American Income Life Insurance Company
- Type: Subsidiary of Globe Life
- Traded as: (formerly NASDAQ: AINC)
- Industry: Life insurance
- Founded: 1951; 75 years ago
- Founder: Bernard Rapoport
- Headquarters: Waco, Texas, United States
- Area served: United States, Canada and New Zealand
- Key people: Steven K. Greer (CEO)
- Products: Supplemental health and life insurance
- Parent: Globe Life
- Subsidiaries: National Income Life Insurance Company, Union Heritage Life Assurance Company Limited
- Website: ailife.com

= American Income Life Insurance Company =

American life insurance company

American Income Life Insurance Company (AIL) is an American unionized private life insurance company that provides supplemental life insurance to labor unions, credit unions, and associations. The parent company is Globe Life Insurance.

The company was founded in 1951 and the executive offices have been located in Waco, Texas, since 1959. American Income Life is licensed in 49 states, the District of Columbia, Canada, and is registered to carry on business in New Zealand. AIL also has two wholly owned subsidiaries: National Income Life Insurance Company, licensed in the state of New York, and Union Heritage Life Assurance Company Limited, licensed in the Republic of Ireland.
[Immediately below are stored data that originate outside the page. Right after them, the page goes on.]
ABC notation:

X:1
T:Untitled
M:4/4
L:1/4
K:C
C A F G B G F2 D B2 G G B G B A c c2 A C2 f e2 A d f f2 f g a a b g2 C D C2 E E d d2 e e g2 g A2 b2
As of 2013, AIL had more than two million policyholders and was a wholly owned subsidiary of Globe Life, based in McKinney, Texas.

==History==
The company began in 1951 under the name American Income, chartered as a mutual assessment association in Indiana with $25,000 of borrowed capital. It was reinsured through American Standard Insurance Company as a new mutual reserve company in March 1951. American Income Insurance Company was officially founded in May 1951 by the company's president, Harold Goodman, and executive vice president, Bernard Rapoport, who was Goodman's nephew. The company's home offices were located in Indianapolis, Indiana.

In 1961, AIL began providing supplemental insurance to members of labor unions and serving union policyholders in ways unfamiliar to the industry. For example, AIL waived payment of premiums by union members during an authorized strike action, a benefit still offered in 2021. AIL also developed a college scholarship program for children of union members, and the company contributed to the strike funds of unions engaged in lawful strikes. The company was positioned as the only 100% union insurance company, and termed the phrase, “Be Union-Buy Union." In 1963, AIL's income was about $6 or $7 million.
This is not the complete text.